■ **WORK REQUIRED**
Scan the material below for lines with the word "until" and reply with how many there are, nothing else.

■ **THE DATA**
============================================================
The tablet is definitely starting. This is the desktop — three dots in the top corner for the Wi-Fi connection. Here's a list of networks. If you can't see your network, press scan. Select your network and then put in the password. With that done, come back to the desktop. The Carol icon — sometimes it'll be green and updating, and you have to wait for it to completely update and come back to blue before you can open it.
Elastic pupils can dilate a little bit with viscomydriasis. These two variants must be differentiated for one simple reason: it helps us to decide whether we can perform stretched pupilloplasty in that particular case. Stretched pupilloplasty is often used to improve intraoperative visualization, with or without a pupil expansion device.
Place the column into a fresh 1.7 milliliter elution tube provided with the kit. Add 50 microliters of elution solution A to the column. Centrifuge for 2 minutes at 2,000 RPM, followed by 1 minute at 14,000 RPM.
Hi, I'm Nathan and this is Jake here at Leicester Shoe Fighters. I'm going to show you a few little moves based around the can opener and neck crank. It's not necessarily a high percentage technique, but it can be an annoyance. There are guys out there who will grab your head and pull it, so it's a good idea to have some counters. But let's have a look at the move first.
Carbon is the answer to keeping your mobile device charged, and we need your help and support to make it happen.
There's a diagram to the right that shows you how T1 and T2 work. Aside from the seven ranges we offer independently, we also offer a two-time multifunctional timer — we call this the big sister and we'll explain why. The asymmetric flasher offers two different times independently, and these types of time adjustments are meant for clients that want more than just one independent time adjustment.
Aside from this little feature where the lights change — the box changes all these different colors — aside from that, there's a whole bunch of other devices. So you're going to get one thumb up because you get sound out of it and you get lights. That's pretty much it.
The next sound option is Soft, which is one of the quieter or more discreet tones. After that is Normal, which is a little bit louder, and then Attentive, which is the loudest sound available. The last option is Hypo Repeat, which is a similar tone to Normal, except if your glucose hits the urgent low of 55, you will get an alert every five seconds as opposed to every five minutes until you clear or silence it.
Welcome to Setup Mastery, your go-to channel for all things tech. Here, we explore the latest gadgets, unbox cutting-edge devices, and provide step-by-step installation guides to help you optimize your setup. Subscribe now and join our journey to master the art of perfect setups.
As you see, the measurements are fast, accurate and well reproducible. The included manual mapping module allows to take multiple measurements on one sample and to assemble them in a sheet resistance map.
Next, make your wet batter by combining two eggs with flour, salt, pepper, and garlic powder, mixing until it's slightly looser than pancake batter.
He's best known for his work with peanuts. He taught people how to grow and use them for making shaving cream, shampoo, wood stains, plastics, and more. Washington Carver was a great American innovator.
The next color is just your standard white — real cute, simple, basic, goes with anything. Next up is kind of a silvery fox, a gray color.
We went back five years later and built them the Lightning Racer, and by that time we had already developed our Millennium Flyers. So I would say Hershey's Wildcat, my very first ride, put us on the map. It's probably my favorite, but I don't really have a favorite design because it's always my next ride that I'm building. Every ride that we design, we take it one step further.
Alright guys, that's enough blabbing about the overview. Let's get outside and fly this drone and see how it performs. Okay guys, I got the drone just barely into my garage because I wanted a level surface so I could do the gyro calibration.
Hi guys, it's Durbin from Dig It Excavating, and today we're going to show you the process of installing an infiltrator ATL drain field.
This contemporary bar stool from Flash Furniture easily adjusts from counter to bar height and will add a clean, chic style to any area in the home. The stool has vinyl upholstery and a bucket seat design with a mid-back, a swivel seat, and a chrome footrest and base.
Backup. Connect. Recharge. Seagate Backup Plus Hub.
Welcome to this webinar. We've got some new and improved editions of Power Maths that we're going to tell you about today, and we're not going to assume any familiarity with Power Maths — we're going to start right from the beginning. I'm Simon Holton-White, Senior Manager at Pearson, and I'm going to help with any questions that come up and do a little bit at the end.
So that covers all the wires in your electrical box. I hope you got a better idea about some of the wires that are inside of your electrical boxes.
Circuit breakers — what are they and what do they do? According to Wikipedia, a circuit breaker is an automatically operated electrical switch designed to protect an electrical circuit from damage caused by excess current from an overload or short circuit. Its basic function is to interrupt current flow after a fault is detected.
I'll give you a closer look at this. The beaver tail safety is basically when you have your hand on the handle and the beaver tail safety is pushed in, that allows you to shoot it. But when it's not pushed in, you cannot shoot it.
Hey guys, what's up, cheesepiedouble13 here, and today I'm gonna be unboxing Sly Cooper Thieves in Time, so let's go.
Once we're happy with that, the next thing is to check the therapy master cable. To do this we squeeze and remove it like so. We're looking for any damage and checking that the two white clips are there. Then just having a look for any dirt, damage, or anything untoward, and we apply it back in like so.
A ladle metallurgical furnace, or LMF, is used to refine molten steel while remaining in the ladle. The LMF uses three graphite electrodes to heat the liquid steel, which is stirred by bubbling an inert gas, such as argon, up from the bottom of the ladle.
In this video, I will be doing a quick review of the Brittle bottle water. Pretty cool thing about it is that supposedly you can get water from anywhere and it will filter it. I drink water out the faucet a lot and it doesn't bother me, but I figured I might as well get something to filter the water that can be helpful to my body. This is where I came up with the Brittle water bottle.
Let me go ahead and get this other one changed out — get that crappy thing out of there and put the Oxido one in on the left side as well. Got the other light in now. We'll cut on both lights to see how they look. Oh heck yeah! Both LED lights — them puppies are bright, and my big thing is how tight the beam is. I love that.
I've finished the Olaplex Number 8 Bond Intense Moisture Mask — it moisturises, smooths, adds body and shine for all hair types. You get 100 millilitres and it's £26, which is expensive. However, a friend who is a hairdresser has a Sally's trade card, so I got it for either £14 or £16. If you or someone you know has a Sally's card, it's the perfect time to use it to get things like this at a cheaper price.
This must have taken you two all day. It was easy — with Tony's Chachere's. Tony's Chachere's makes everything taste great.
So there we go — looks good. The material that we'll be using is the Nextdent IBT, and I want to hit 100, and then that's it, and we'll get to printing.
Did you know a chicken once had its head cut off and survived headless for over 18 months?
============================================================
■ **RESPONSE TO THE EXERCISE**
2